Merge like Matisse. I wish I could relate just how nice it is to see a man merge on to a highway with finesse. He notes traffic flow from the top of the ramp, he seamlessly gets up to speed, and he merges like an artist instead of like Roger Ramjet.
Hold the (car) door for another. The same way we note how you speak to waiters, talk about your mom or trash your ex, we watch your road manners. That ability to let someone in? It speaks volumes about your patience. Let that other driver have the parking spot? Allow pedestrians time to safely cross? There's a generosity of spirit in those acts that relates more about your personality than a Match.com questionnaire ever could.
Keep your eyes on the real prize. Regardless of the scintillating conversation taking place in the car, you never reduce your concentration on the road. That red light coming up? You've already picked it up, and have begun adjusting your speed and vehicle placement. You'll never even spill my coffee, let alone plunge me through the windshield.
No sudden moves. Pedal stomping is for amateurs, and your ability to smoothly squeeze both throttle and brake rather than trounce on them speaks to maturity and self-control. Drag racing is fun to watch from the stands, less so from the passenger seat.
Being stubborn may be good at an auction, but it's really not great on the highway. Perhaps you feel like a reverse Moses, with all that traffic parting around you as you cling to "your" lane.
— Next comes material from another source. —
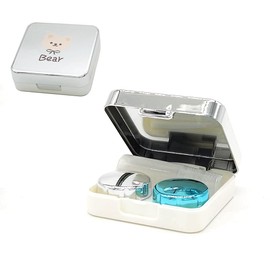 2 Pack Contact Lens Cases, Classy Easy Carry Container for Travel & Home Vision Care Kit with Mirror, Tweezers, Stick Connection and Solution Bottle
Yes, you technically do own the road, but so do all those other people. There's a reason mules can't reproduce.
Know your place. Please don't pull up to a building in the fire zone, snap on your hazards and say you'll just be a minute. Same for double parking, same for taking a handicapped spot. Letting me know there is no one more important to you than well, you, tells me all I need to know about how you treat others in your world.
Send out the right signal. Using your turn indicator is a not a sign of weakness, it is polite. Running with scissors may make you a leader in other forums, but playing well with others makes our roads safer. Co-ordinating your actions when you drive so other drivers can predict what you're doing may take away the element of surprise, but I'm totally okay with that.
I think we just missed our exit. But this doesn't matter of course, because you already know you can always get to there from here, regardless of where here is. An extra few minutes to loop back safely is so much more attractive than zipping across three live lanes of traffic, or worse yet, executing the deadly highway back-up. Solving the missed exit scenario is a sneak peek into how you cope when things don't go your way. I won't be cutting you much slack for tantrums; you already have a mother.
Since no car yet has total autopilot, I'm going to assume if you're making conversation and gesticulating wildly that we are indeed doomed to crash, or at the very least be subjected to the infamous flub and tug: when you finally notice your error and overcorrect. You can gaze deeply into my eyes another time – keep your jazz hands on the wheel.
This too shall pass. The sure-fire sign of a secure man? Allowing the highway weavers and dodgers to pass. Being held hostage to an angry driver's quest to settle an imaginary score is annoying at best, and terrifying at worst. To paraphrase an adage: never race a fool, for the audience won't know who he is.
See how easy it is to rocket up the desirability scale? Oh, and all of the above? Totally true for women, too.